In response to the above conflicting understanding of belief, we feel the need to bring credibility to our belief by generating evidence according to what we do, and religious behavior becomes a personal affirmation, assurance and reinforcement of belief. We go to the temple, the mosque, and the church to affirm and assure, giving evidence to ourselves of our stated belief. Behavior and actions become the evidence of belief. The more we do, the more the actions affirm our belief. The more we do, the more it provides evidence of our belief, both to others and to ourselves. We do religious deeds to provide proof to others and ourselves that we have faith.
The evidence of Christianity is relegated to simple belief in Jesus and displaying Jesus-like behavior. “Believe in Jesus and behave like Jesus” is an unending cycle of hopelessness that we have come to understand, practice and preach as Christianity in the 21st-century. So we keep trying to add to and aid our unbelief with more behavior. We are asked to give more, attend more, go to missions trips more, preach more, pray more, convert more—and the list goes on—all to assure ourselves. Beyond a point, we are unable to cope with the internal pressure of trying to keep up. We are burnt out. We become hypocritical. We compromise. We fake…
So what is the evidence and proof of the faith that Jesus asks His followers to have? Is Jesus in the business of behavioral rehab? If believing in Jesus does not uniquely qualify my faith, then what is the differentiator of Jesus? If what I do and feel emotionally does not uniquely qualify my faith, then what is the differentiator that Jesus came to establish? What sets following Jesus apart from following any other religious leaders and philosophies of the world?
Something happens in us when we repent and believe in Jesus. It is this something that no other religion or philosophy or style of living can offer. This something is non-circumstantial and does not depend on locations. There is internal evidence that is produced, which becomes an inner constant in the midst of external and emotional variables. This evidence is experienced through a process called transformation of the mind. This is where we cognitively experience the supernatural in the natural and it becomes the new normal.
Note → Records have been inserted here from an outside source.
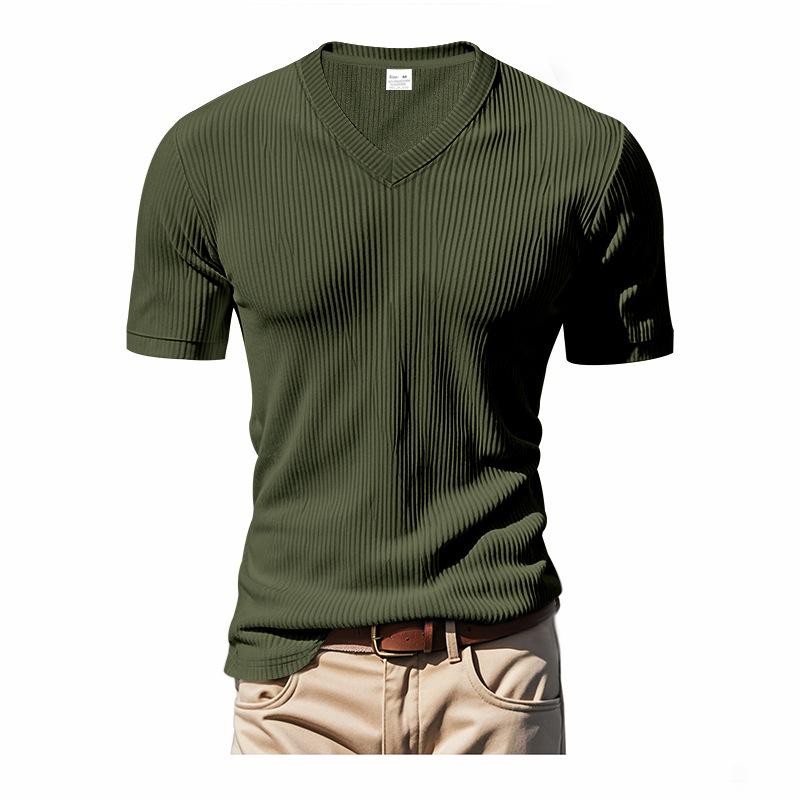 T-shirt uomo scollo a V 2025 sciolta e traspirante con maniche corte in velluto a coste - Foto 28 di 29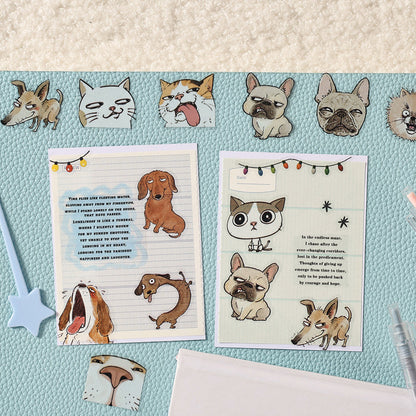 Ugly Face Cats Dogs Series Die Cutting PET Tape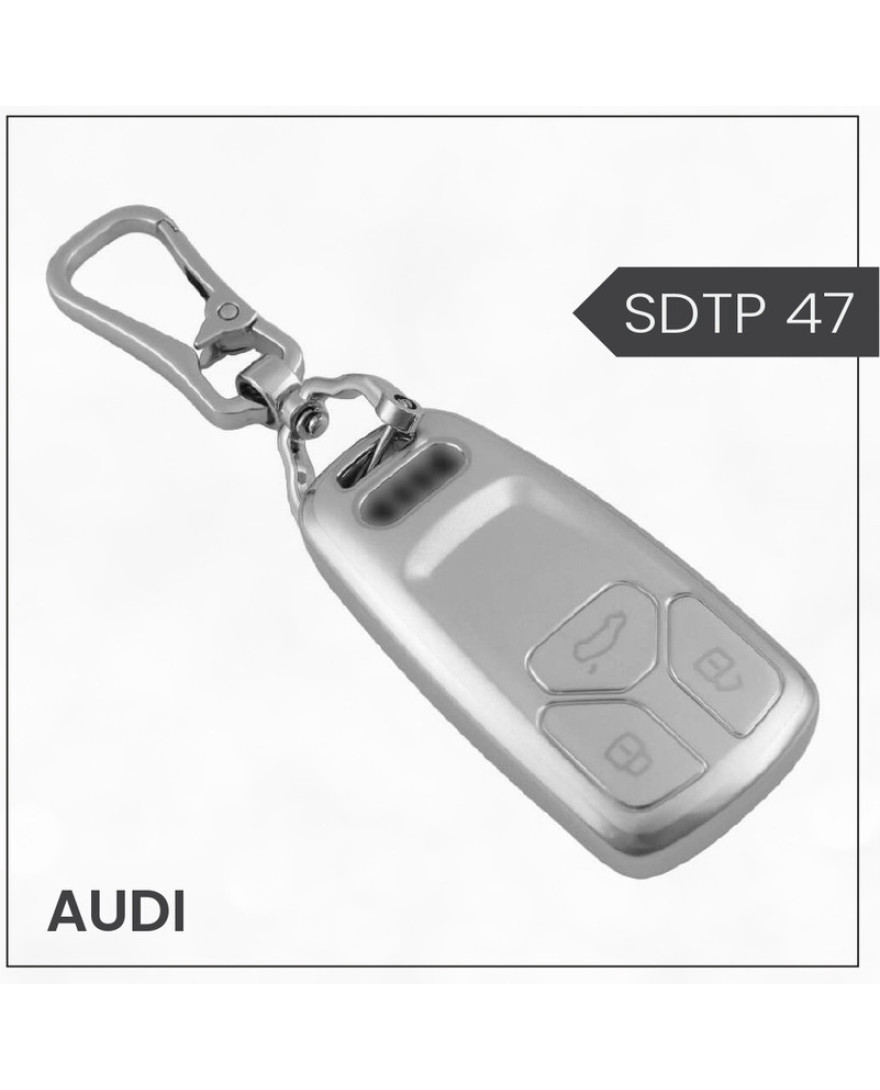 keycare Silver Dust TPU key cover And keychain for Audi Q5, A5, A8, Q7, A4, A6 3 button smart key | SDTP 47, SDTPKeychain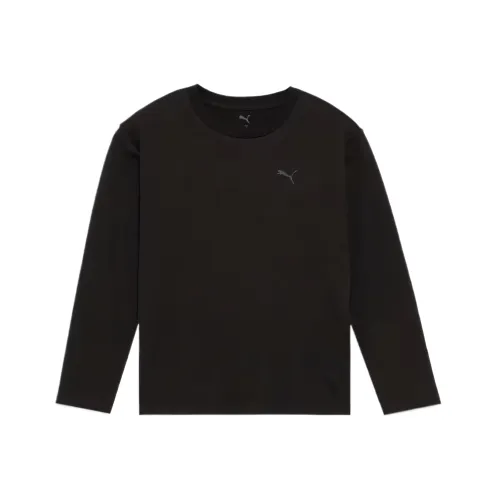 PUMA ESS T Shirts Women's Black Crew Neck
“New Creation” is not a belief, but a literal re-birth of a new nature within us as a consequence of belief. We become aware of the Person called Jesus, because we partake in His divine nature. The cross not only imputes righteousness but imparts righteousness. This is not an intellectual understanding of Jesus, this is not an emotional experiencing of Jesus, but a transformational becoming like Jesus. This is where the Vine and branch live in intimacy. This is where the sheep hear the Shepherd’s voice. This is where communion between God and man happens with cognitive recognition. This is where we know and experience what we have believed! This is where the Spirit testifies to our spirit that we are children of God; the identity we all long to experience with the grip and embrace of the Father inside of us. This is the “substance of what we hope for,” the “conviction/evidence of things unseen.” This is biblical faith.
Internal evidence of the invisible is the foundation of our external expression of it. If there is no internal evidence, there can be no external expression. Hebrews Hall of Famers had an internal evidence of God that got them to do what they did.
What we do becomes a consequence of who we become. We love because we become love through experiencing it ourselves. We draw from the supernatural, and it flows into the natural. We receive, so we give. Belief leads to the incredible co-habitation of God in man, with the mind of man being able to consistently draw from the spiritual, irrespective of any external situation or circumstances. It is experienced through a process called transformation of the mind. This transformational inner-awareness/perception of God is the evidence in Christianity.